HAPPY BIRTHDAY TO PALEOJUDAICA! My first blog post, one year ago today, was a welcome message, a later version of which is now the About file in the links to the right. The second was on Saddam and Nebuchadnezzar. As far as I can tell, the subject I've blogged on most frequently is Aramaic (49 posts). (I've mentioned Hebrew more often [52 posts], but many of these were focusing on other things.) Both Aramaic and Hebrew have been addressed from many different angles. The next most frequently discussed topic has been Mel Gibson's The Passion of the Christ (34 posts), although I've dealt with it less since Mark Goodacre started intensive coverage of it in his New Testament Gateway blog. The next is Iraq (30 posts), especially the looting of the Baghdad Museum and the country's archaeological sites. I covered that area a lot initially but nowadays only note things that especially catch my eye and leave the rest to the IraqCrisis list and Francis Deblauwe.

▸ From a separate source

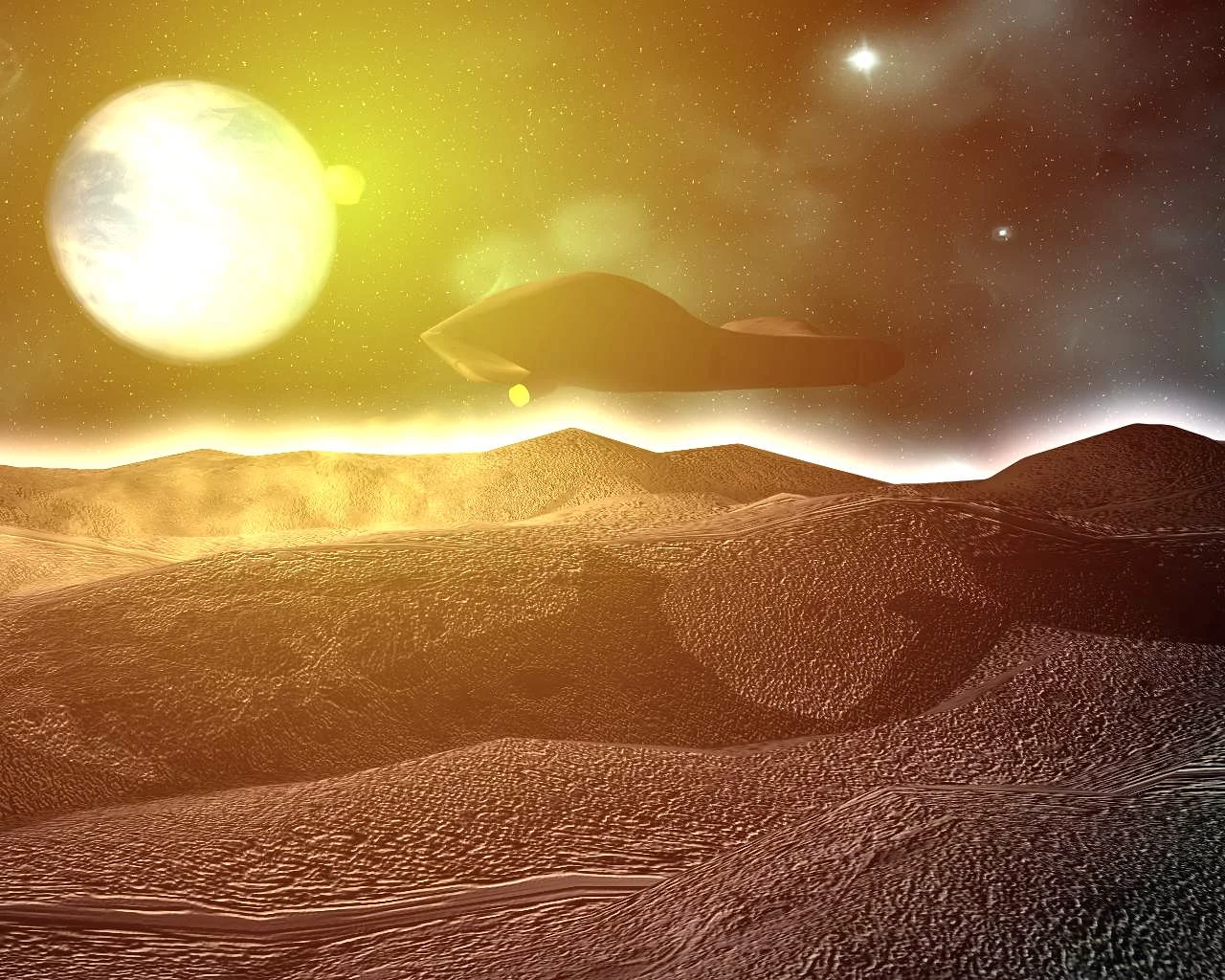 Space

The post that drew the most hits in the last year was the August 5th entry "More on Mel and The Passion," which reported Frank Rich's Dowdification of Gibson (still uncorrected, at least by the Times) and which received about 7000 hits over twenty-four hours thanks mainly to a link from Glenn Reynolds's Instapundit. There's a recent important update on the story here. The second biggest hit grabber was my fisking of David Klinghoffer in "Leviticus and the Gay Marriage Debate," with about 1700 hits in a day or so, thanks mainly to a link from Andrew Sullivan.

My personal favorite post of the last year is "When Scholars Cry Wolf," which dealt with the overreaction of academics to the hysterical initial press reports about the looting of the National Museum of Iraq. This didn't get as many hits as some others, but I put more time and effort into it than into any other post and I still stand by it. The companion piece to this post, "About that Hague Convention", is a close second. Another important story has been the ongoing denial in the Arab world (and sometimes pandered to in the Western media) of the existence of Jewish temples on the Temple Mount in antiquity. Follow the links in these posts and see also entries on "Jewish temple deniers" and the Zayed Centre.

Some other interesting stories include the "James Ossuary", the "Jehoash Inscription", the Absalom's Tomb inscription, and the first-century burial shroud from Jerusalem.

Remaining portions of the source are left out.